▸ **The data**
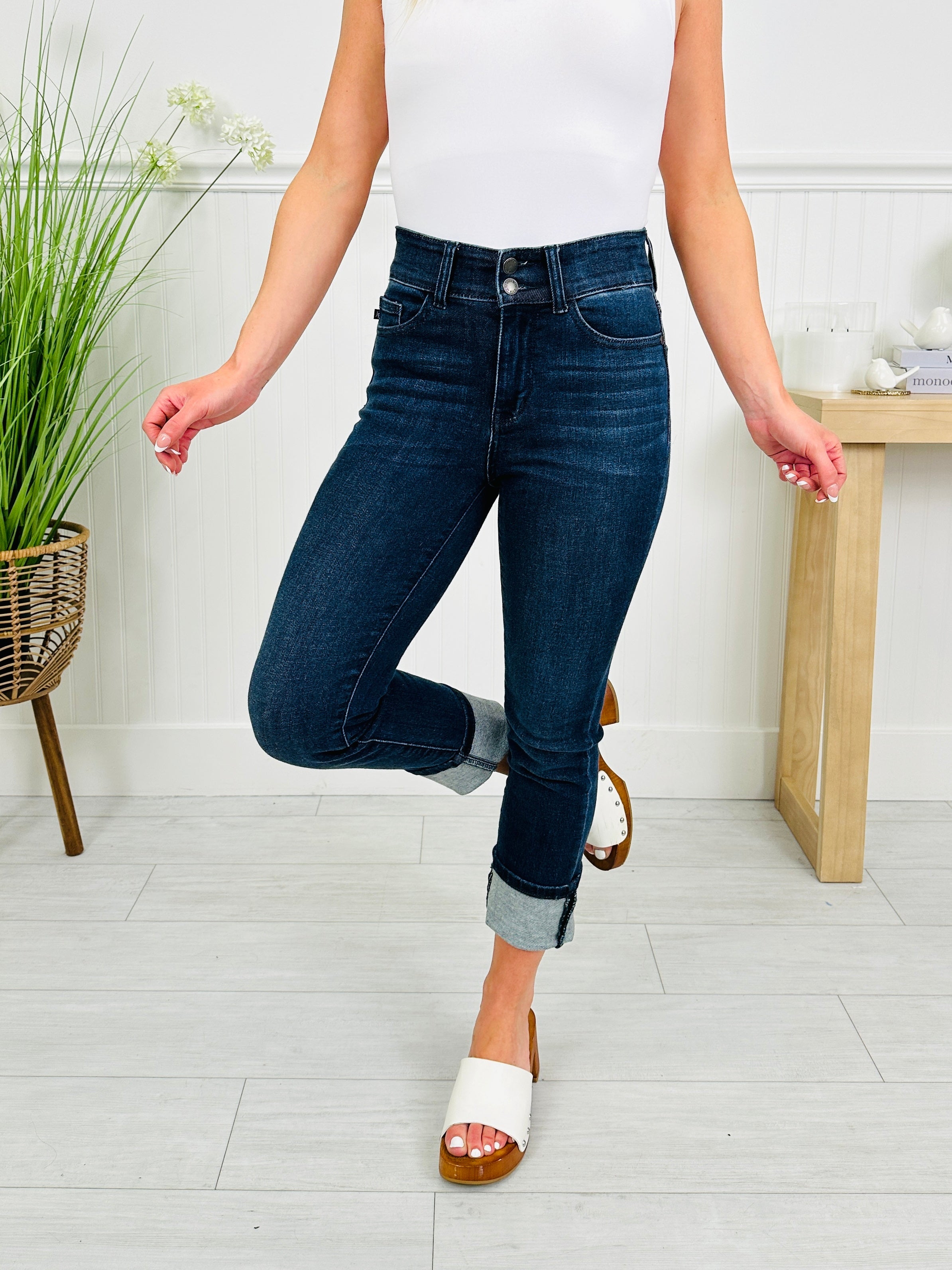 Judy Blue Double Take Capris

==

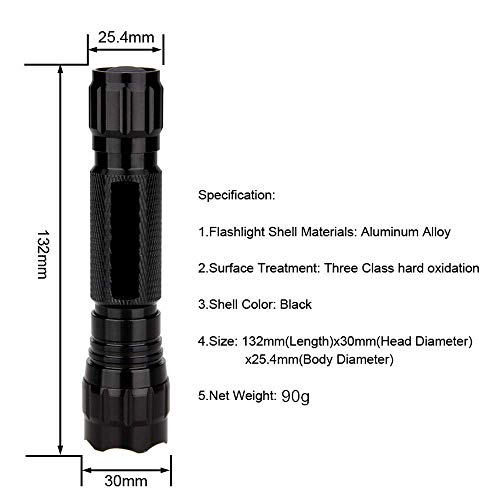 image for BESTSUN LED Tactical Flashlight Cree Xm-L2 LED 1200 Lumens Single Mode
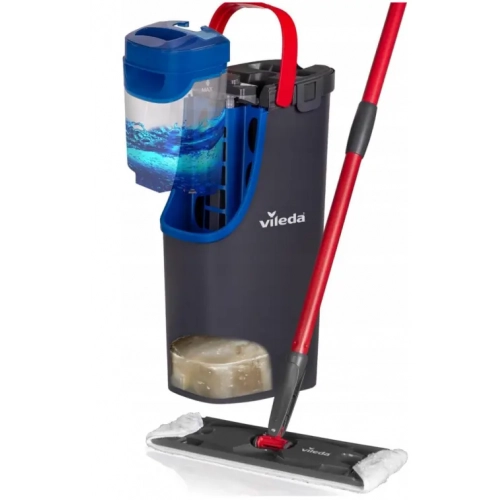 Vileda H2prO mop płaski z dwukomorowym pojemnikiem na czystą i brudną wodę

▸ **Work required**
Look above for the line with "image for BESTSUN" and the line with "Vileda H2prO mop", then restate exactly those two lines and all lines between them, with no pictures.

▸ **Your response**
 image for BESTSUN LED Tactical Flashlight Cree Xm-L2 LED 1200 Lumens Single Mode
 Vileda H2prO mop płaski z dwukomorowym pojemnikiem na czystą i brudną wodę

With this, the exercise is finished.